Exercise requirements → Output all entries verbatim, dropping pictures.

Data listing →
★ ★ ★ ★

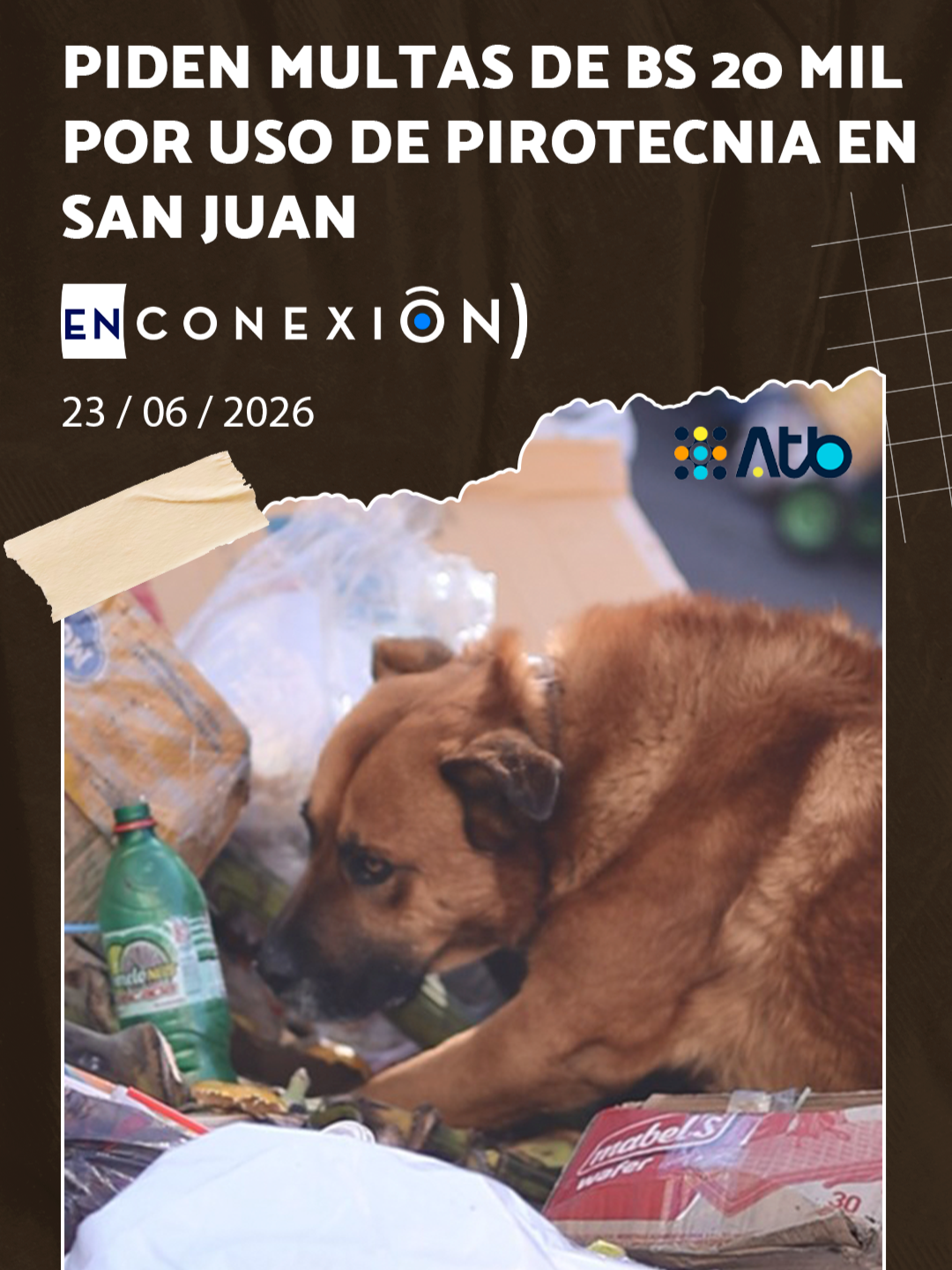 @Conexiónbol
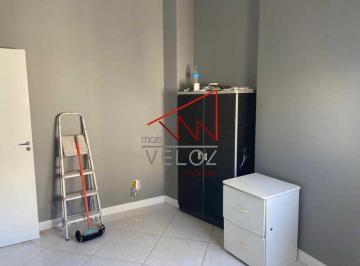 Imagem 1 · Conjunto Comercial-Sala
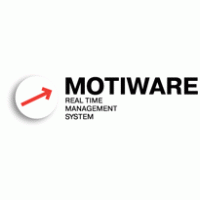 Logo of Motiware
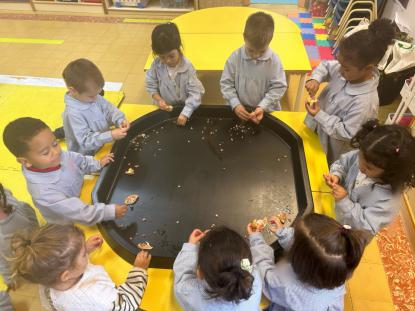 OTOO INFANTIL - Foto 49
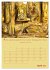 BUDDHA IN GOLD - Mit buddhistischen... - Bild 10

★ ★ ★ ★

Task solution →
 @Conexiónbol
 Imagem 1 · Conjunto Comercial-Sala
 Logo of Motiware
 OTOO INFANTIL - Foto 49
 BUDDHA IN GOLD - Mit buddhistischen... - Bild 10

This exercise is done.